Monsieur le président, monsieur le ministre, madame la présidente de la commission, monsieur le rapporteur, chers collègues, si l'on a dit que les livres faisaient les époques et les nations, comme les époques et les nations faisaient les livres, il convient d'attacher la plus grande importance à la révolution que provoque l'instauration de la technologie numérique en ce domaine.
Le Gouvernement souhaite encourager toutes les formes de diffusion légale des oeuvres sur les réseaux numériques. La révolution numérique qui a successivement touché la presse, la musique et le cinéma va également avoir un impact décisif sur les secteurs de l'édition et de la librairie.
L'utilisation grandissante d'internet dans la commercialisation du livre n'est qu'un des changements induits par le développement du numérique. Plus fondamentalement, l'autre évolution prévisible passe par la dissociation entre l'imprimé et l'écrit et l'émergence d'outils électroniques de lecture : je veux parler du livre numérique.
Cette évolution, voire révolution, va aboutir non seulement à des changements de nature industrielle mais également à la remise en cause des flux financiers classiques qui permettent de financer la création éditoriale, littéraire ou scolaire.

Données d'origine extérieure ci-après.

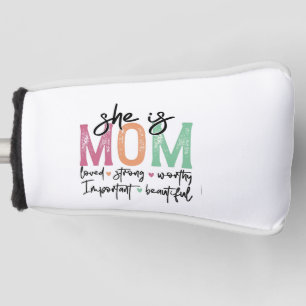 彼女は母である：愛され、強く、価値があり、重要な、ボー ゴルフヘッドカバー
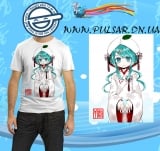 Футболка "Vocaloid " модель Snow Miku Gracc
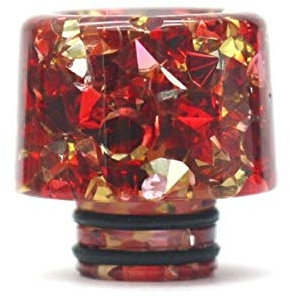 Without brand Forma Colorido Mushroom Resina 510 Drip Tip 510 en Forma for el Hilo atomizador vaporizador Tanque RBA RTA RDTA (Color : Red in Colorful)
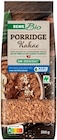 Porridge Kakao oder Porridge Beere von REWE Bio im aktuellen REWE Prospekt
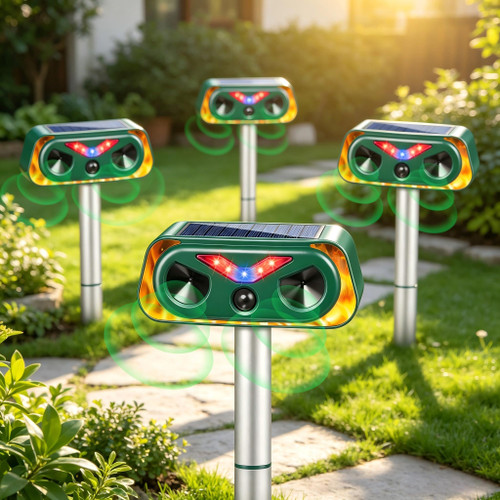 Deer Repellent Solar Ultrasonic for Yard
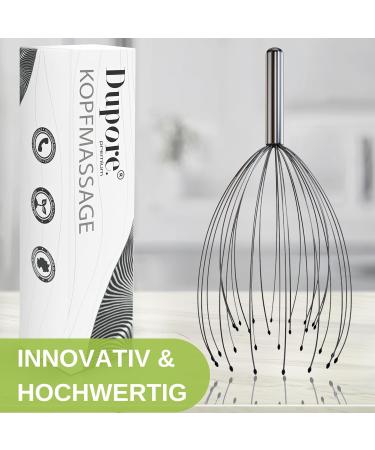 Buy Dupore 2x Head Massage Spider - Premium 28-Finger Relaxation Device with Free Acupressure Rings - Soothing Head Crawler for Ultimate Comfort - Buy Online on GoSupps.com
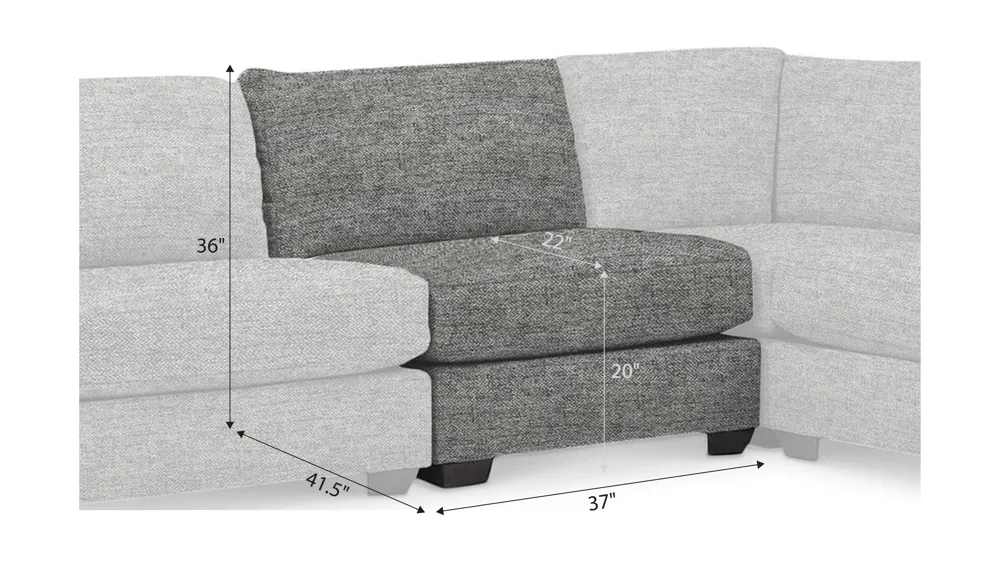 Thatcher Armless Chair Dimensions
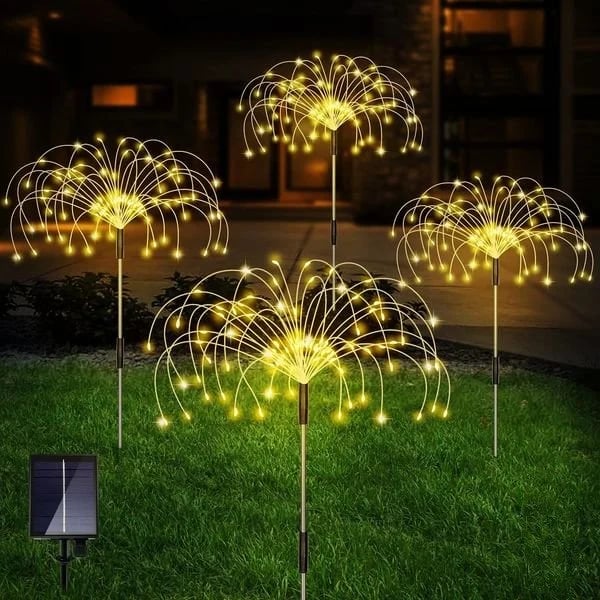 Solar Feuerwerk Lichtketting | 90 LED | Warmwit & Multicolor | IP65 | 95 cm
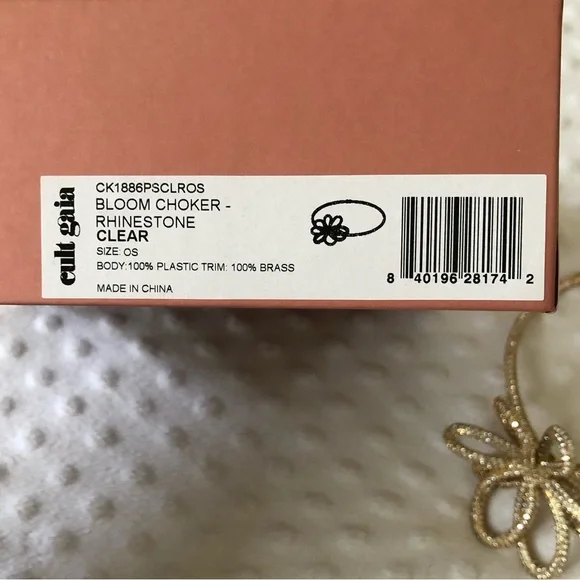 Cult Gaia Bloom Chocker Rhinestone Clear - Picture 10 of 12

Par conséquent, une attention toute particulière doit être portée à la concurrence nouvelle qui pourrait s'exercer entre les détenteurs de droits que sont les auteurs et les éditeurs et les détenteurs d'accès et de réseaux.
Dans ce contexte, deux éléments sont essentiels : la propriété intellectuelle doit demeurer la clé de voûte de l'édition et les éditeurs doivent conserver un rôle central dans la détermination des prix.
À cet égard, je souhaite vous alerter sur le régime de concurrence déloyale entre les libraires nationaux et les plates-formes établies dans d'autres pays membres de l'Union européenne qui pourrait s'instaurer si le texte était adopté en l'état. En effet, selon le schéma envisagé par l'amendement du rapporteur à l'article 3, seuls les libraires nationaux seront tenus d'appliquer le prix unique du livre numérique, avec les obligations légales qui en découlent, alors que les plates-formes étrangères pourront négocier des conditions commerciales plus avantageuses à travers leurs contrats de mandat avec les éditeurs. La fixation du prix échappera à terme aux éditeurs nationaux et les libraires français n'auront d'autre issue que de disparaître face à cette concurrence déloyale. C'est exactement ce qui s'est produit pour le marché du téléchargement de musique en ligne.